Now, like many other commentators, Prof Malkiel is wary of current valuation levels on Wall Street and in other major equity markets. But, as I discovered when I caught up with him the other day, he is positively gushing about the potential for emerging markets.

Emerging market funds now offer "the best bargains anywhere in the world", he says confidently. "In five to 10 years time, people will look back and say `boy, when those bargains were there, why didn't we do something about it?'."

A year ago, Prof Malkiel was putting the finishing touches to a new book, Global Bargain Hunting, written with a colleague at New York University, which made the case for buying shares in emerging markets even then. That, of course, was before the dramas of the past year which have sent most markets in Asia crashing and precipitated Alan Greenspan into what looks like mildly desperate measures to prevent the world succumbing to "the worst financial crisis since the War".

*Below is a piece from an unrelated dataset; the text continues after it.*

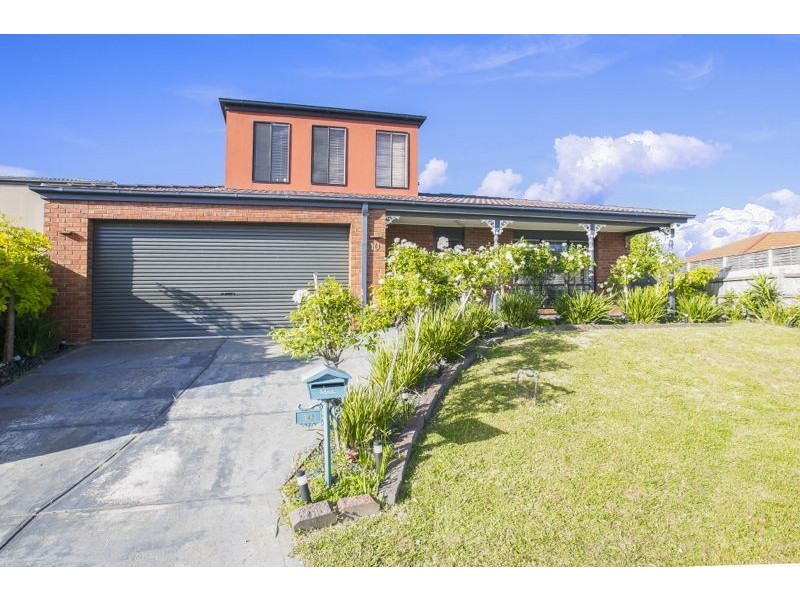 10 Fiander Close, Cranbourne East VIC 3977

Prof Malkiel makes no bones about the fact that the current crisis has badly damaged investors' confidence in the emerging market concept. But his view is that the recent turbulence is merely a demonstration of the fact that the risks in emerging markets are - and always have been - high. These risks are the flip side of the equally high potential rewards to be earned from investing in what have been some of the fastest growing and vigorous economies in the world. "This road to riches," he writes in his book, "is not for the fainthearted."

The basic arguments for emerging markets have always been that they enjoy higher growth rates and lower market valuations than our own markets. But a crucial third element in the case has always been that they tend not to move up and down in line with the big markets in the USA and Europe. As a result, they offer powerful diversification benefits to anyone with a high degree of stock market exposure.

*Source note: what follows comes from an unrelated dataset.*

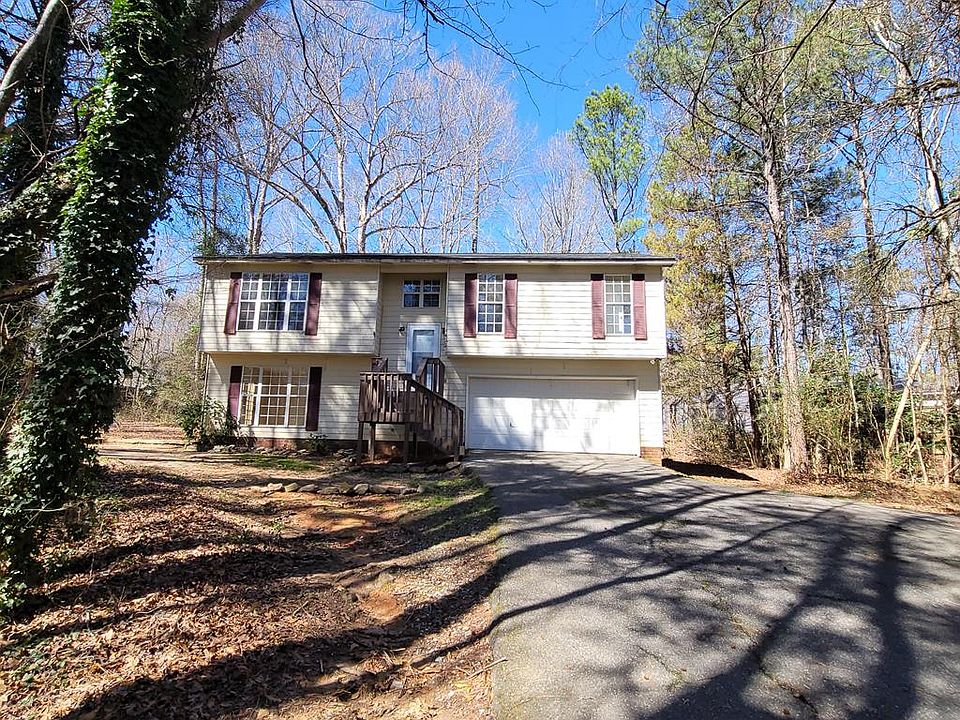 1st image of 1492 Douglas Dr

Even this hardened optimist, it is true, does harbour some doubts about the case for emerging markets. Malaysia's decision to reimpose capital controls is "a worrying development" which, if echoed elsewhere, could undermine the attractions of emerging markets for investors. His book chronicles in detail the threat posed by the lack of enforceable legal constraints on managements and governments in many emerging market countries.

The bottom line, however, says Prof Malkiel, is that the best response investors can make to the current turbulence in financial markets is to increase rather than reduce their diversification across different types of asset. Emerging markets have an important part to play in that equation.

The current widespread gloom is an unprecedented buying opportunity. "It is the nature of markets to go to extremes. If we weather the storm, the bargains will be better than ever."

Have you tried new the Independent Digital Edition apps?
Life and Style
ebookNow available in paperback
ebooks
ebookA delicious collection of 50 meaty main courses
Latest stories from i100
Have you tried new the Independent Digital Edition apps?
Independent Dating
and  

By clicking 'Search' you
are agreeing to our
Terms of Use.

ES Rentals

    iJobs Job Widget
    iJobs General

    Recruitment Genius: SAGE Bookkeeper & PA to Directors

    £18000 - £24000 per annum: Recruitment Genius: An exciting opportunity has ari...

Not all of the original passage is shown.